TLDR for anyone that didn't read my previous post:
Profiler shows the sum of all allocations, not the total amount of memory in use. I suspect the tree in this example was using half of what's reported (~100MB instead of 212MB). Each node requires 40 bytes, each tag requires 9 (8 for the map key, 1 for the uint8 value). There's necessarily more nodes than IP addresses. Let's assume 1.5M nodes for the 1M IP addresses, so: 1,500,000 x 40 + 1,000,000 x 9 = 69MB + (slice/map capacity overhead)
I'm going to close this for now, as it's my understanding that the tree was using exactly half as much memory as profiler was reporting, since profiler was reporting allocations, not in-use. I'll add a Compact()
method at some point, which will tighten up the tree once populated.
@Julio-Guerra - Lemme know if you disagree with my assessment, or have any questions or comments about the Compact()
plan. Thanks again for the feedback!
@wblakecaldwell Thanks for having a closer look at it.
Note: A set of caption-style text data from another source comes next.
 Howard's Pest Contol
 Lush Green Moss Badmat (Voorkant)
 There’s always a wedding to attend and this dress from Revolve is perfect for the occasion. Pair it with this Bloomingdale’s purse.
Yes, I agree my benchmark results give the sum of everything, which I consider being the memory pressure in these situations.
Regarding Compact()
, I am not sure I would use it as we would double the memory pressure and we are already in a worst case here. But it's worth trying I guess.
Second option would certainly use less memory, but adding to the tree would be very expensive. Rather than doubling capacity of the nodes slice when we run out of room, we could just add enough room for one more. I don't see this as reasonable either.
I'm currently looking at the memory usage and wanted to share a thought. Currently when add() exceeds the capacity of cap(t.nodes) it creates a new copy x2 capacity.
I've been testing changing that from x2 to x1.1
There will be more grow events but at the end I expect less opportunity for wasted capacity.
In my own work I often can know how many nodes I plan to add to the tree. So I'm also experimenting with updating the New() method to allow passing in the initial size.